Thursday, June 24, 2004
Fixing Kids' Sports
The publishers of Junkyard Sports have more or less finalized the book cover, which is what you are seeing here. This is a significant step for any book. Speaking of covers and significance, there was a cover story on the June 7th issue of US News & World Reports titled "Fixing Kids' Sports." It's a long article. Here's a short quote: "A survey last summer at the National PTA Convention in Charlotte, N.C., found 44 percent of parents saying that their child had dropped out of a sport because it made him or her unhappy. These parents were not wimps. In fact, 92 percent of the respondents said sports were either important or very important to the overall development of their children. But 56 percent said that youth sports were too competitive, nearly half said that organized youth sports need to be completely revamped, and half said if they could change one thing, they would want their coach to be less focused on winning. Many surveys support this conclusion: Most kids would prefer to play a lot on a team that loses than sit on the bench of a team that wins."
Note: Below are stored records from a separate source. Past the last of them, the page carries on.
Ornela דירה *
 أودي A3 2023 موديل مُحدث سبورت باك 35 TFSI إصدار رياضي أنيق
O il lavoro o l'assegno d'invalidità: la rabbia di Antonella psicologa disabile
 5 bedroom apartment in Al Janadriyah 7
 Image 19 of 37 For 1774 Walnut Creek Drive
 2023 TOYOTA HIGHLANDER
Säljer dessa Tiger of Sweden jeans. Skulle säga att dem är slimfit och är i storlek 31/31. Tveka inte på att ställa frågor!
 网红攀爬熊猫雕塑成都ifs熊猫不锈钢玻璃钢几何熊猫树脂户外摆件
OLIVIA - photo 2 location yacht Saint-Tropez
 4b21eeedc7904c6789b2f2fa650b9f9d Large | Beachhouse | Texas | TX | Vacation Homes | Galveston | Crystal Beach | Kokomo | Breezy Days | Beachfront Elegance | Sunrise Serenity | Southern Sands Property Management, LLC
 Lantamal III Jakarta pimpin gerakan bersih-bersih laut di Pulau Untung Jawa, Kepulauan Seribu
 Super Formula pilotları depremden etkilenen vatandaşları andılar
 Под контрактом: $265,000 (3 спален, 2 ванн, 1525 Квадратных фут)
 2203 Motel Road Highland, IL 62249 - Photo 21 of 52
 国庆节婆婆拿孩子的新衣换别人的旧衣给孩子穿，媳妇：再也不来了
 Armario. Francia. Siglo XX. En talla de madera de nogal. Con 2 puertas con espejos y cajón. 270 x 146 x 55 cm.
The significance of such a story, from my very narrowed perspective as author of a book called "Junkyard Sports," is that it presages what in deed might become my relatively immediate future. It's kind of deliciously ironic, is what it is, that pudgy, non-athletic I, whose favorite sport consists of walking on the beach, should find himself becoming a recognized authority on kids' sports. I had thought I was writing about a larger, more universal cause - about inclusion and adaptability and community. But if my fun little book can be a pathway to play for those who are trying to make sports worthy of kids, well, then, maybe that's purpose enough.